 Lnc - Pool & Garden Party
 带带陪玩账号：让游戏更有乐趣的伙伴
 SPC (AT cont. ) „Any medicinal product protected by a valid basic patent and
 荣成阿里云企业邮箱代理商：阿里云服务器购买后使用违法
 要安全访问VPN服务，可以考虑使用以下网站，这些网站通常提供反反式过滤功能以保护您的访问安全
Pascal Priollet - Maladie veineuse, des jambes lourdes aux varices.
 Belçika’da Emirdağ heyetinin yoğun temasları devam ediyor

==

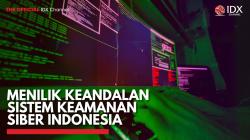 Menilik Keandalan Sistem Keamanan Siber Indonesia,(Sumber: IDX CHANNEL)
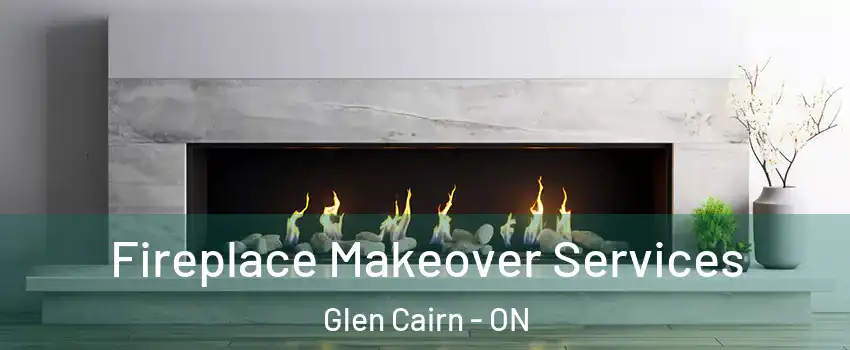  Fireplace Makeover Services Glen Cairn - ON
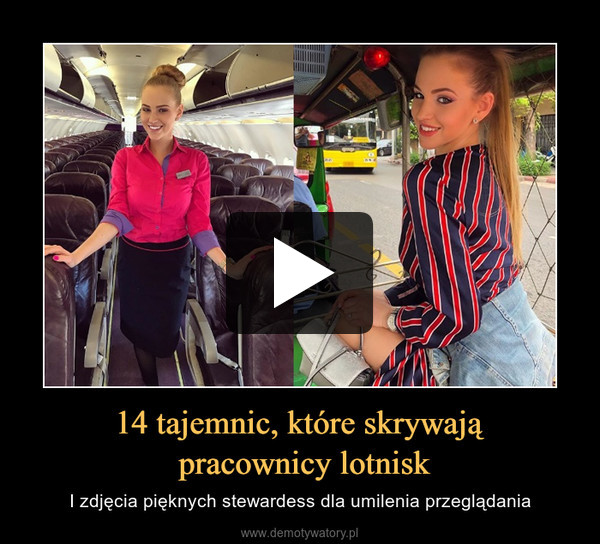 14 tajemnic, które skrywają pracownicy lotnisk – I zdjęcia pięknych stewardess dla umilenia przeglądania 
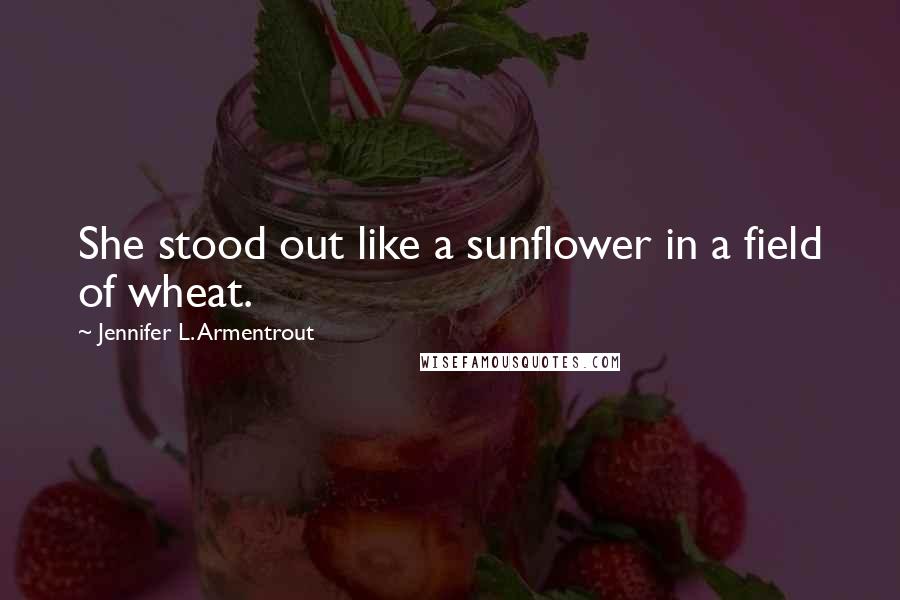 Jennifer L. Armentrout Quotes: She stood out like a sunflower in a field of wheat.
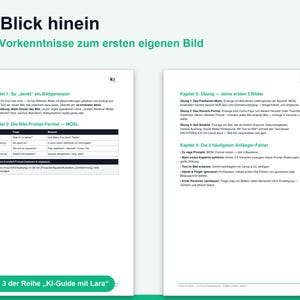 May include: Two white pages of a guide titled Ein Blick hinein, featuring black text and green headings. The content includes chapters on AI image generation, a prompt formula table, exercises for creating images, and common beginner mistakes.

* * *

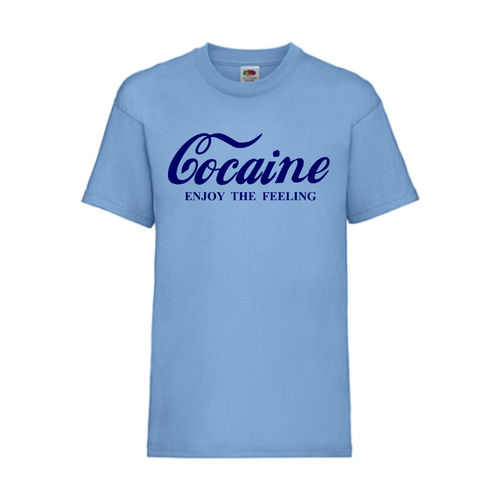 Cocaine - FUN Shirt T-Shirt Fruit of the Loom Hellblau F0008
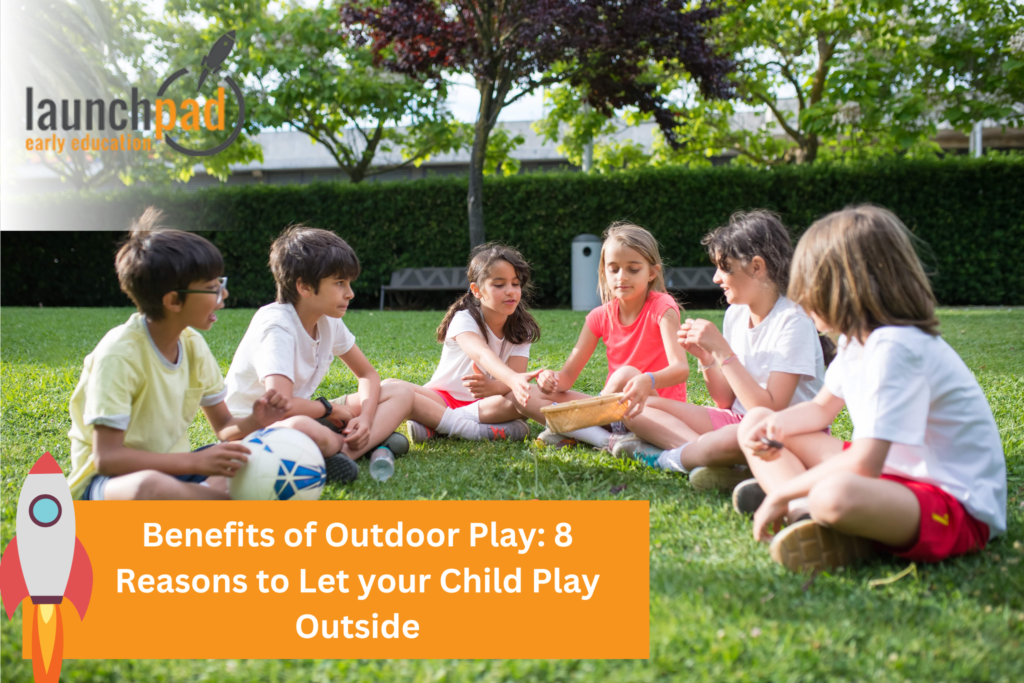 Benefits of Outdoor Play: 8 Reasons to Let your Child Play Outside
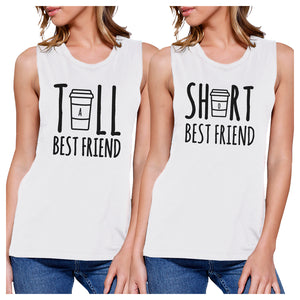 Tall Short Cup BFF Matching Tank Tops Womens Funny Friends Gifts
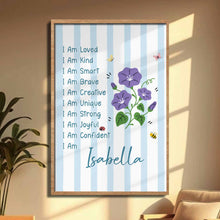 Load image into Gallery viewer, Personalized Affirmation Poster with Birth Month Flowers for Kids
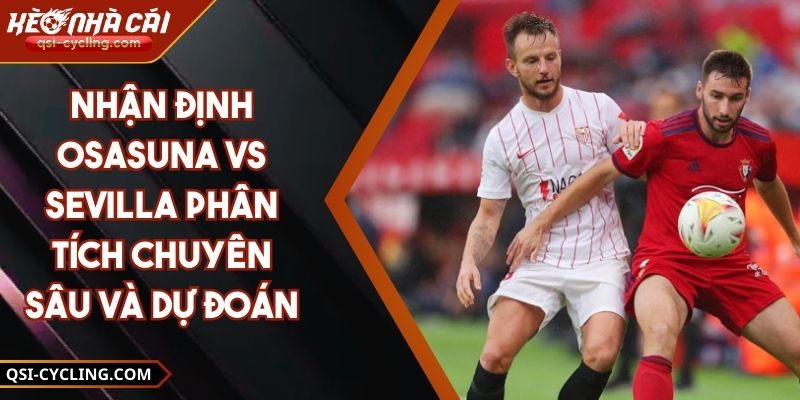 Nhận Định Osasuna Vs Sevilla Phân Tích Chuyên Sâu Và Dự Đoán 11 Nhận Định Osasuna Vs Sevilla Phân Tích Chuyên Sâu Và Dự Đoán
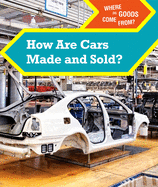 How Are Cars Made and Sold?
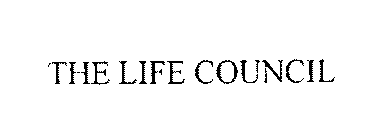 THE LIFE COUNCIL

### Work item
As the answer, set down only the lines from the data above between the one holding "Lnc - Pool & Garden Party" and the one holding "Belçika’da Emirdağ heyetinin", inclusive, exactly as they read.

### Your response
 Lnc - Pool & Garden Party
 带带陪玩账号：让游戏更有乐趣的伙伴
 SPC (AT cont. ) „Any medicinal product protected by a valid basic patent and
 荣成阿里云企业邮箱代理商：阿里云服务器购买后使用违法
 要安全访问VPN服务，可以考虑使用以下网站，这些网站通常提供反反式过滤功能以保护您的访问安全
Pascal Priollet - Maladie veineuse, des jambes lourdes aux varices.
 Belçika’da Emirdağ heyetinin yoğun temasları devam ediyor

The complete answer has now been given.